You may not realize that insulin resistance affects each organ differently. For example, insulin resistance may be the first step toward the development of hyperlipidemia and cardiovascular disease. Added sugars, especially fructose, may play more of a role than salt in high blood pressure. When certain organs experience insulin resistance, specific diseases may develop. Type 2 diabetes results from the muscles not being able to properly uptake glucose, and if it starts affecting the nerves, that’s when peripheral neuropathies set it. We already mentioned its effect on the liver, which is non-alcoholic fatty liver disease. If it develops in the ovaries there is polycystic ovary syndrome, and insulin resistance by brain cells can lead to brain fog and ultimately Alzheimer’s disease.

Therefore, we need to limit the fructose-containing foods in our diets in order to minimize our risk. The majority should come from natural sources only, such as fruits, which are typically higher in fructose but also have numerous vitamins, antioxidants, phytochemicals and fiber to help offset the negative effects. Agave syrup has been touted as a better alternative to some sweeteners, but it is very high in fructose content as a result of the processing techniques.
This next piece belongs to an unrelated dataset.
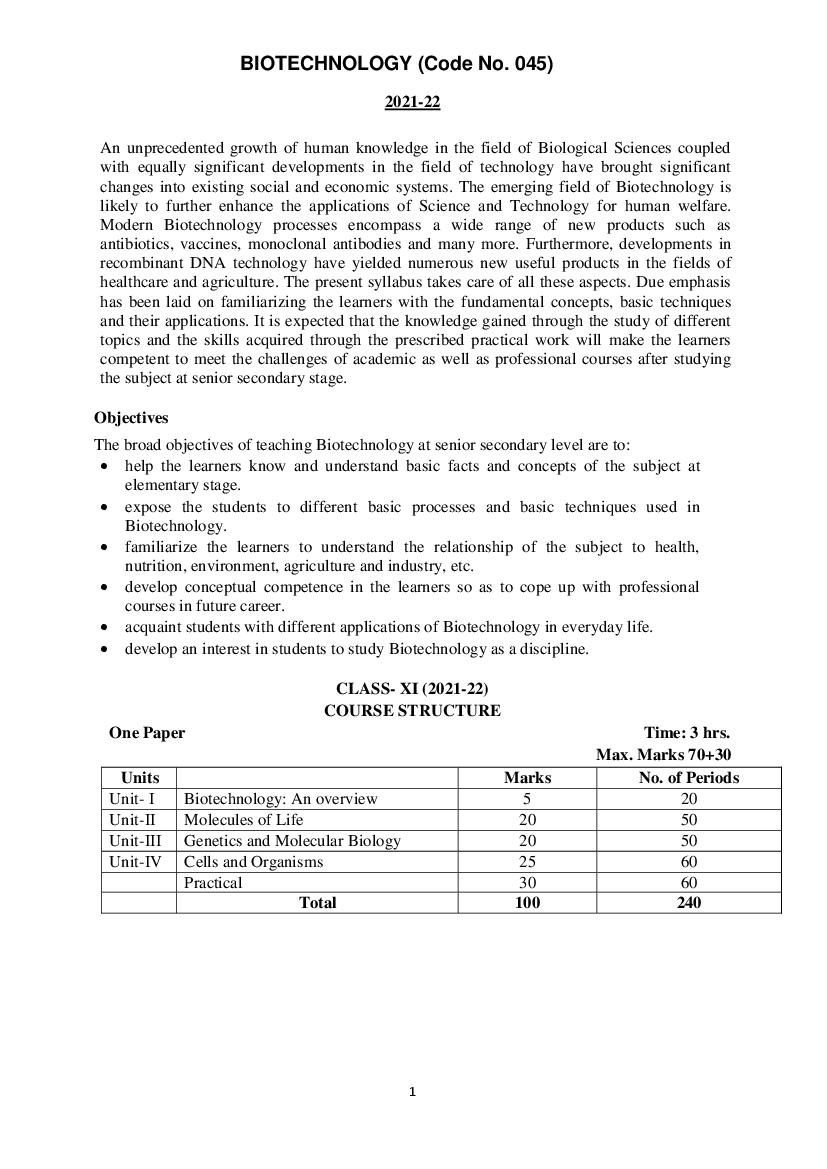 cbse-syllabus-for-class-11-biotechnology-2021-22-revised-aglasem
Honey is a little better but only in raw form as, once again, processing increases the concentration of fructose. Pure maple syrup in small amounts can be used occasionally and stevia tends to currently be the best option as a sugar replacement. Enjoying healthy sweet foods should be able to be part of a balanced diet, but if you find that you need to get your “sweet fix” more frequently or it leads to making bad food choices, start by eliminating the poor sources of fructose from your diet and have yourself checked for insulin resistance.